====== SUPPLIED RECORDS
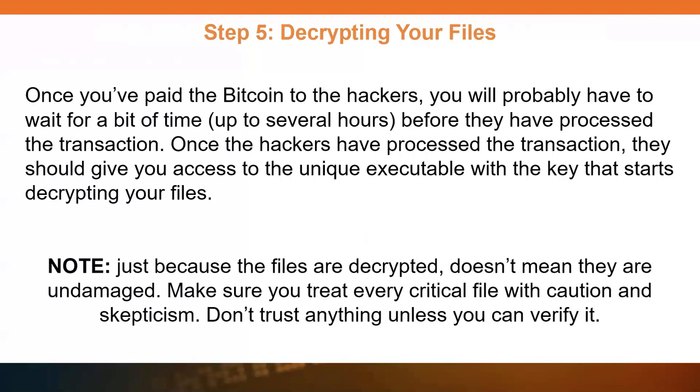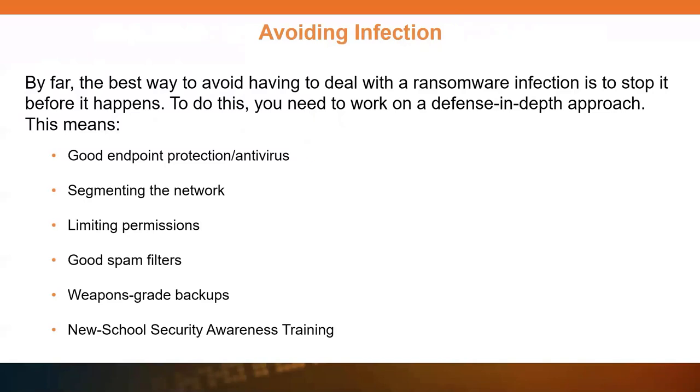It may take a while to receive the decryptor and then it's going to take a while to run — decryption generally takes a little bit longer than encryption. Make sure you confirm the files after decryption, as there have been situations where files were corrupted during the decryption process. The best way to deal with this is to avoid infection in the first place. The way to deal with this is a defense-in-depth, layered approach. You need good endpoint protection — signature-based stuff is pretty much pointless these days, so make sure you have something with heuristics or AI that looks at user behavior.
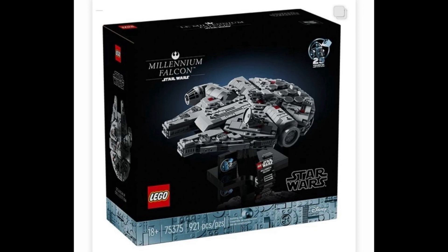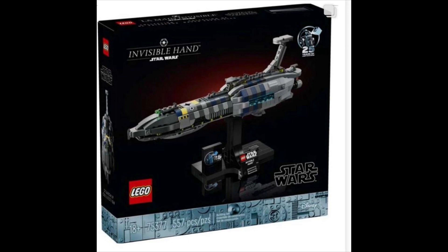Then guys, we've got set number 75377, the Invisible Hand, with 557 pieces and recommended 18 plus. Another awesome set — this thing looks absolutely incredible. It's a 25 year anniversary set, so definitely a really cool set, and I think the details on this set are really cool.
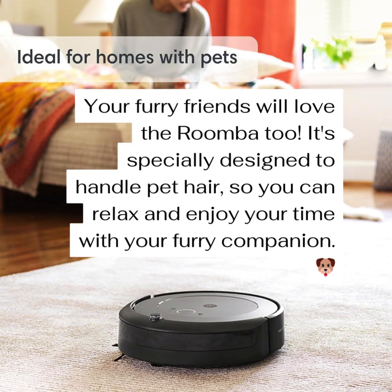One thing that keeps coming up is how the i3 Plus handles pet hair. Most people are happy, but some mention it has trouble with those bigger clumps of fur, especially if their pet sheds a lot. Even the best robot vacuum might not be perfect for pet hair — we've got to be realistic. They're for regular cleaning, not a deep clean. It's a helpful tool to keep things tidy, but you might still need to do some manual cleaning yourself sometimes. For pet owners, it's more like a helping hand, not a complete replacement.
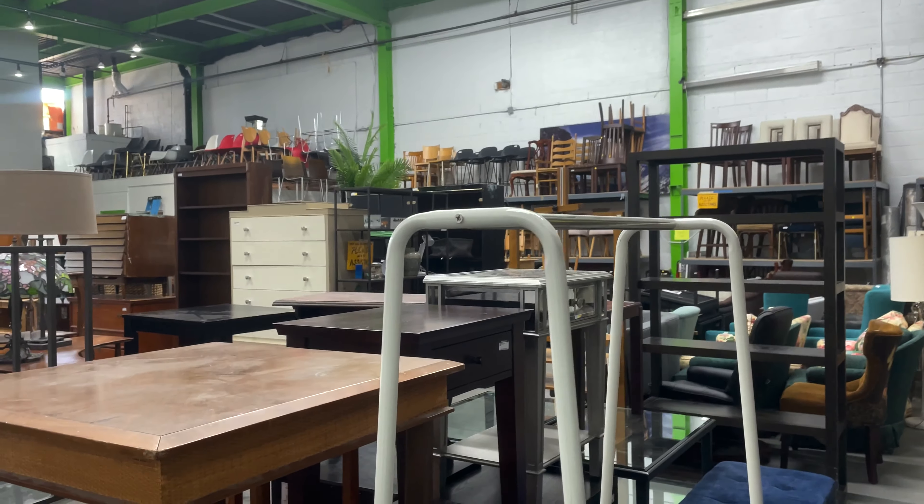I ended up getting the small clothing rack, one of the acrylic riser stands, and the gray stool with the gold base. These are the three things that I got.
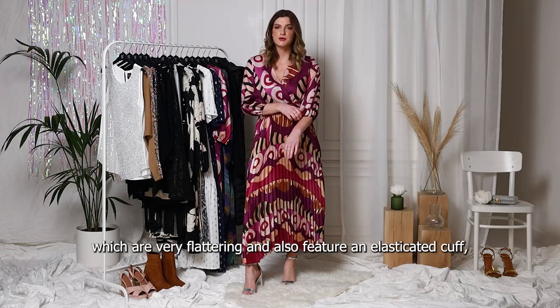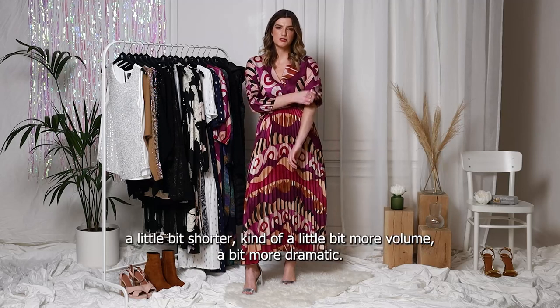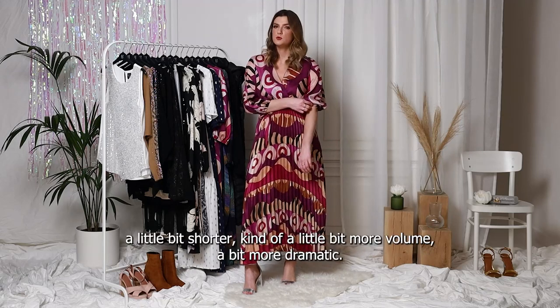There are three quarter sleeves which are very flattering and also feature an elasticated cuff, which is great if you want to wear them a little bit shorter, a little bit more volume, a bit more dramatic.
============
**TASK ITEM:**
The pictures in the listing above are to be dropped, and everything else reproduced exactly.

**ANSWER TO THIS EXERCISE:**
It may take a while to receive the decryptor and then it's going to take a while to run — decryption generally takes a little bit longer than encryption. Make sure you confirm the files after decryption, as there have been situations where files were corrupted during the decryption process. The best way to deal with this is to avoid infection in the first place. The way to deal with this is a defense-in-depth, layered approach. You need good endpoint protection — signature-based stuff is pretty much pointless these days, so make sure you have something with heuristics or AI that looks at user behavior.
Then guys, we've got set number 75377, the Invisible Hand, with 557 pieces and recommended 18 plus. Another awesome set — this thing looks absolutely incredible. It's a 25 year anniversary set, so definitely a really cool set, and I think the details on this set are really cool.
One thing that keeps coming up is how the i3 Plus handles pet hair. Most people are happy, but some mention it has trouble with those bigger clumps of fur, especially if their pet sheds a lot. Even the best robot vacuum might not be perfect for pet hair — we've got to be realistic. They're for regular cleaning, not a deep clean. It's a helpful tool to keep things tidy, but you might still need to do some manual cleaning yourself sometimes. For pet owners, it's more like a helping hand, not a complete replacement.
I ended up getting the small clothing rack, one of the acrylic riser stands, and the gray stool with the gold base. These are the three things that I got.
There are three quarter sleeves which are very flattering and also feature an elasticated cuff, which is great if you want to wear them a little bit shorter, a little bit more volume, a bit more dramatic.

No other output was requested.